Çok Okunanlar
Karakter boyutu :  18 Punto16 Punto14 Punto12 Punto
Yunus Tuna GÜMÜŞSOY
Yunus Tuna GÜMÜŞSOY
Fonda Caz Çalıyor Meselesi: Serbest Çöküş

Fonda bir süredir herhnagi bir şarkı çalmıyor. Elim de play tuşuna gitmiyor açıkçası. Gündem çok kalabalık, gündem 7 küsür bir sarsıntı altında, gündem enkaza gömüldü. Betonlar altından da sadece kemik sesleri, iniltiler geliyor. Yıpratıcı sesler bunlar. İnsan beyninin en karanlık noktalarında inliyor. Sonra bir bakıyorsun cenin poziyonunda annenizin karnına koşmayı diliyorsunuz. Tek güvenli yer gibi geliyor. Sonra bir takım sesler yine çevreliyor insanı, iş makinaları, kırılan, parçalanan duvar gürültüleri ve kopan uzuvlar. Hepsinin bir sesi var. Frekansları bilindik notalara tekabül etmiyor. Türk müziğindeki komalara denk geliyor diyelim, zaten enkazlar da komalık hallere sokuyor herkesi. Komaya girmek belki de bir şans mı? Ölmek ve ölememek arasında gidip geliyor aklım.
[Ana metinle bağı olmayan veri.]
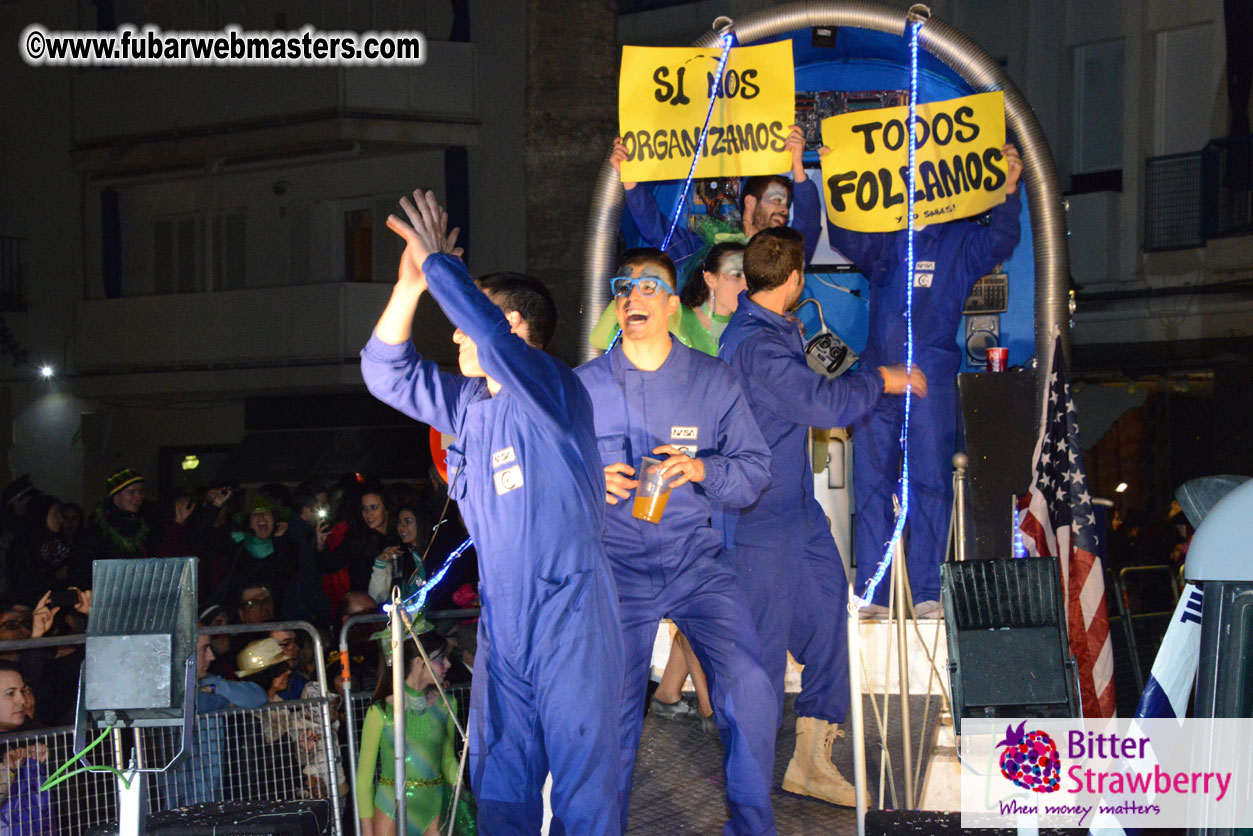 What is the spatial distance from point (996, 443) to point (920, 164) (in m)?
1.48

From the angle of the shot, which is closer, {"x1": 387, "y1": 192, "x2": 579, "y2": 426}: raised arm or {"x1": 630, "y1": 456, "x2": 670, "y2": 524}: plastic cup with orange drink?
{"x1": 387, "y1": 192, "x2": 579, "y2": 426}: raised arm

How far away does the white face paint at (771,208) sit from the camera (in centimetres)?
663

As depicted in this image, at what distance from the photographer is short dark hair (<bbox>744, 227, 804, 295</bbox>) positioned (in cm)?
522

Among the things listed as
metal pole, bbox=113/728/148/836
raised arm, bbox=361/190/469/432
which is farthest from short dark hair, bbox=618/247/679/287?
metal pole, bbox=113/728/148/836

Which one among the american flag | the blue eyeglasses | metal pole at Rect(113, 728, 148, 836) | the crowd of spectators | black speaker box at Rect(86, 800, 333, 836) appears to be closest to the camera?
metal pole at Rect(113, 728, 148, 836)

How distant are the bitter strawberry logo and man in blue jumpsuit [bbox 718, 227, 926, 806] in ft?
5.44

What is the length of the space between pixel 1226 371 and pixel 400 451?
10790 millimetres

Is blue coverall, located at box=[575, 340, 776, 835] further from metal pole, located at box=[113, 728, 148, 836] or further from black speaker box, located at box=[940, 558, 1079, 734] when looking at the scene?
metal pole, located at box=[113, 728, 148, 836]

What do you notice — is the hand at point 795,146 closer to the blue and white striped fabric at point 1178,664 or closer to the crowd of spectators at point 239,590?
the crowd of spectators at point 239,590

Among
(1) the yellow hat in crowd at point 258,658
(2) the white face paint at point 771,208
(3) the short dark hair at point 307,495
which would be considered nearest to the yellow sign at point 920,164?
(2) the white face paint at point 771,208

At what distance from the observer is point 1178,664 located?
2434 mm

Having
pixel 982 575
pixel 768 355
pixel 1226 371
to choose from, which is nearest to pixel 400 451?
pixel 1226 371

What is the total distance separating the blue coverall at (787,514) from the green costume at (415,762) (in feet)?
4.99

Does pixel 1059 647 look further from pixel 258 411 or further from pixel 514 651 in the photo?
pixel 258 411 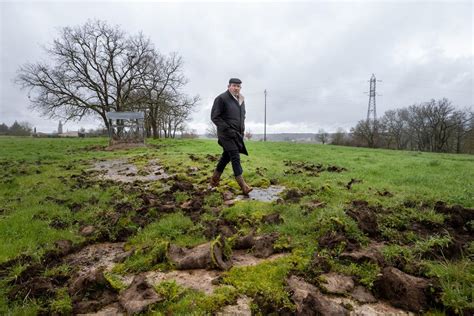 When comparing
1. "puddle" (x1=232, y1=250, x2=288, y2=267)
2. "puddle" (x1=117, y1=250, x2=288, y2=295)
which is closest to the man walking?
"puddle" (x1=232, y1=250, x2=288, y2=267)

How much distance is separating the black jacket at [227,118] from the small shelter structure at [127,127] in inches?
782

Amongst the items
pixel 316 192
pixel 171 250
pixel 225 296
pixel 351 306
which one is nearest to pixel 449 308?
pixel 351 306

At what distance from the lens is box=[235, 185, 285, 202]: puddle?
535cm

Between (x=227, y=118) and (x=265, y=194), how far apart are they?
182 centimetres

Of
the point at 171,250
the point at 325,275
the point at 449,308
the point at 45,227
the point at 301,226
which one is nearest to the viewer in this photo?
the point at 449,308

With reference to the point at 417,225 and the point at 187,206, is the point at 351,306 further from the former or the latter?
the point at 187,206

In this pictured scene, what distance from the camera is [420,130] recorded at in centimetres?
5847

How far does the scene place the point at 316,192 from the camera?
5.48m

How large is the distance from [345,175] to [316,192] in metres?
2.74

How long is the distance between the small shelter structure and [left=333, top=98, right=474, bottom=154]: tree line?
46.0 m

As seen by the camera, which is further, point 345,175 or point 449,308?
point 345,175

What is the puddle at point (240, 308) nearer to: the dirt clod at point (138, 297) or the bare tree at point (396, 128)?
the dirt clod at point (138, 297)

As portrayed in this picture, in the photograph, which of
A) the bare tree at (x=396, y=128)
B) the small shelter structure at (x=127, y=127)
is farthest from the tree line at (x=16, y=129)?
the bare tree at (x=396, y=128)

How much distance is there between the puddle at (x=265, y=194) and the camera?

Oysa müteahhit üst katta oturuyor ama bir bakıyorsun benim yatak odama inmiş. Kum ve irin arası çamursu bir kıvamda lakin rengini görmek ne mümkün. Aklım ölüme doğru koşuyor bazen. Bu sahneyi hayal ediyorum. Hayır! Aslında hayal etmiyorum. Beynimi oradan bir türlü alamıyorum. Nerede bir boşluk bulsa zihnim hemen enkaz altına koşup nefessiz kalıyor bir süre. Lakin ben arabamda yatıyorum bir süredir. Şehir içinde en tenha yerleri arıyorum, nerede bina yok oraya sürüyorum. Medeniyetten kaçıyorum. Sahi medeniyet dediğin tek dişi kalmış canavar mıydı? Şair doğru mu demiş? 4. kıtanın son mısrası. Hatırlayın! Buradaki canavar Dede Korkut'taki tek gözlü dev olan 'tepe göze'ü simgeliyor. Yani düşman, tehdit. Bizim tek gözlü devimiz de artık evlerimiz... bir süredir içine giremiyorum. Ama hala enkaz altında yıkık da olsa çıkmak isteyenler var. Kaçmak isteyip de kaçamamak ve çaresizlik... zihnim hala enkaz altında ben arabada yatarken.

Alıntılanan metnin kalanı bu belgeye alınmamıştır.